For your question about SPEED: The theoretical speed for 5 numbers per column is ~10N, so I use 15 numbers per column, for a 2X speed at ~5N, while the optimal speed is ~4N. But, I could be wrong about the optimal speed of the most state-of-art solution. In my own test, my program runs slightly faster than the one using sort(). Certainly, your mileage may vary.

Assuming the python program is "median.py", an example to run it is "python ./median.py 100". For speed benchmark, you might want to comment out the validation code, and use PYPY.

#!/bin/python
#
# TH @stackoverflow, 2016-01-20, linear time "median of medians" algorithm
#
import sys, random


items_per_column = 15


def find_i_th_smallest( A, i ):
    t = len(A)
    if(t <= items_per_column):
        # if A is a small list with less than items_per_column items, then:
        #     1. do sort on A
        #     2. return the i-th smallest item of A
        #
        return sorted(A)[i]
    else:
        # 1. partition A into columns of items_per_column items each. items_per_column is odd, say 15.
        # 2. find the median of every column
        # 3. put all medians in a new list, say, B
        #
        B = [ find_i_th_smallest(k, (len(k) - 1)/2) for k in [A[j:(j + items_per_column)] for j in range(0,len(A),items_per_column)]]

        # 4. find M, the median of B
        #
        M = find_i_th_smallest(B, (len(B) - 1)/2)
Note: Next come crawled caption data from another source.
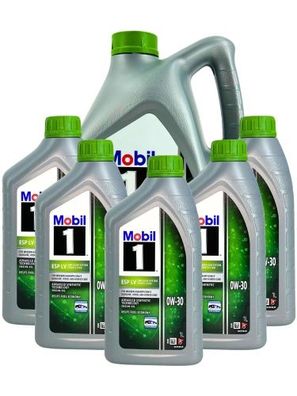 Mobil 1 ESP LV 0W-30 5 + 5 Liter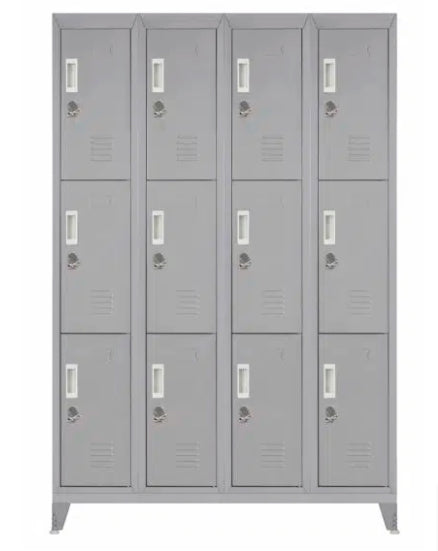 Locker 12 Puertas Triple Lk-444 (MK)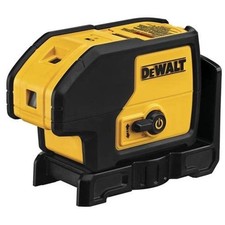 DEWALT 100 FT. RED SELF-LEVELING 3-SPOT LASER...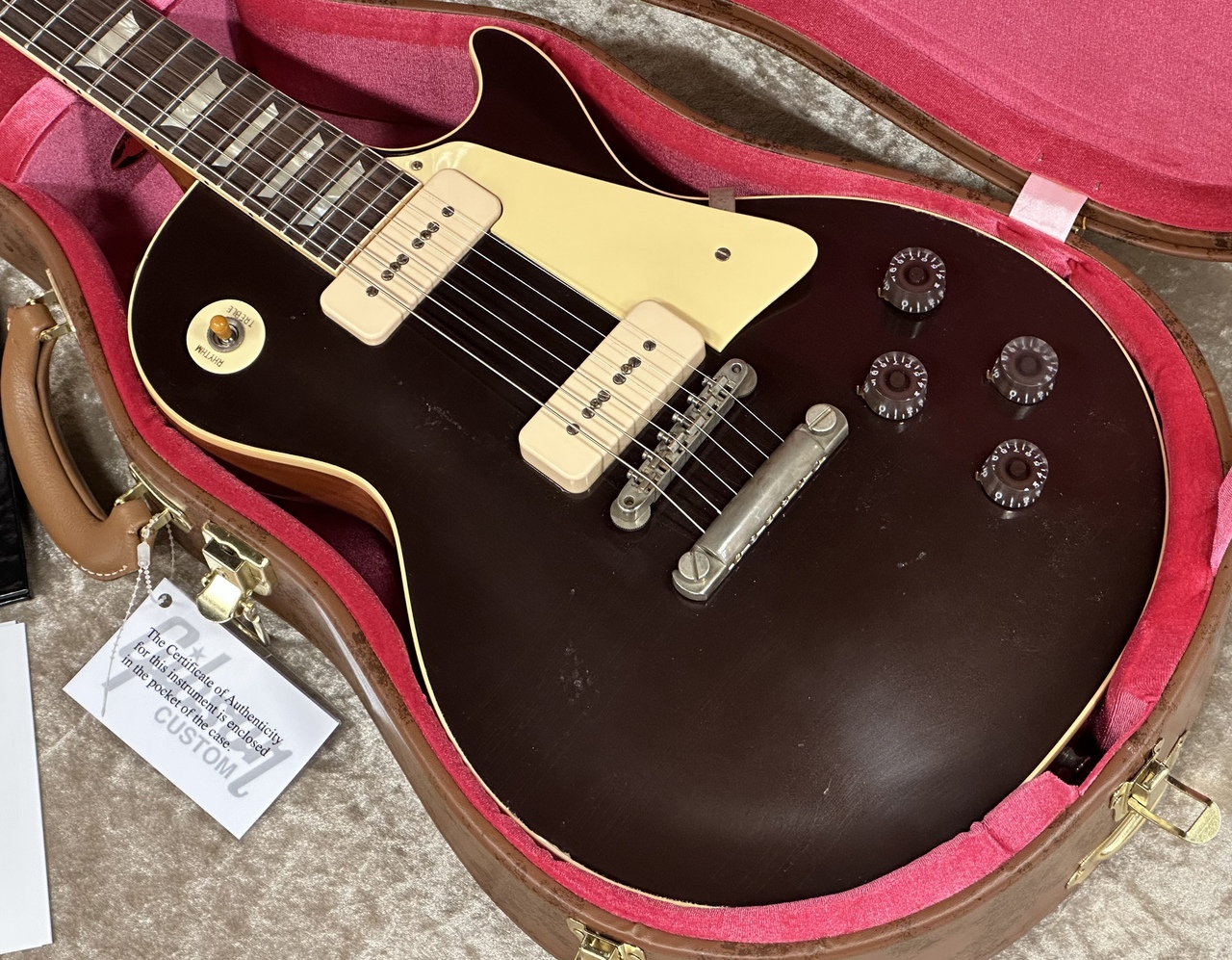 ギター Gibson Custom Shop Murphy Lab 1955 LP Gibson Custom Shop 1955 NAMM Show Commemorative Les Paul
        # 5. split A into 3 parts by M, { < M }, { == M }, and { > M }
        # 6. find which above set has A's i-th smallest, recursively.
        #
        P1 = [ j for j in A if j < M ]
        if(i < len(P1)):
            return find_i_th_smallest( P1, i)
        P3 = [ j for j in A if j > M ]
        L3 = len(P3)
        if(i < (t - L3)):
            return M
        return find_i_th_smallest( P3, i - (t - L3))


# How many numbers should be randomly generated for testing?
#
number_of_numbers = int(sys.argv[1])


# create a list of random positive integers
#
L = [ random.randint(0, number_of_numbers) for i in range(0, number_of_numbers) ]


# Show the original list
#
print L


# This is for validation
#
print sorted(L)[int((len(L) - 1)/2)]


# This is the result of the "median of medians" function.
# Its result should be the same as the validation.
#
print find_i_th_smallest( L, (len(L) - 1) / 2)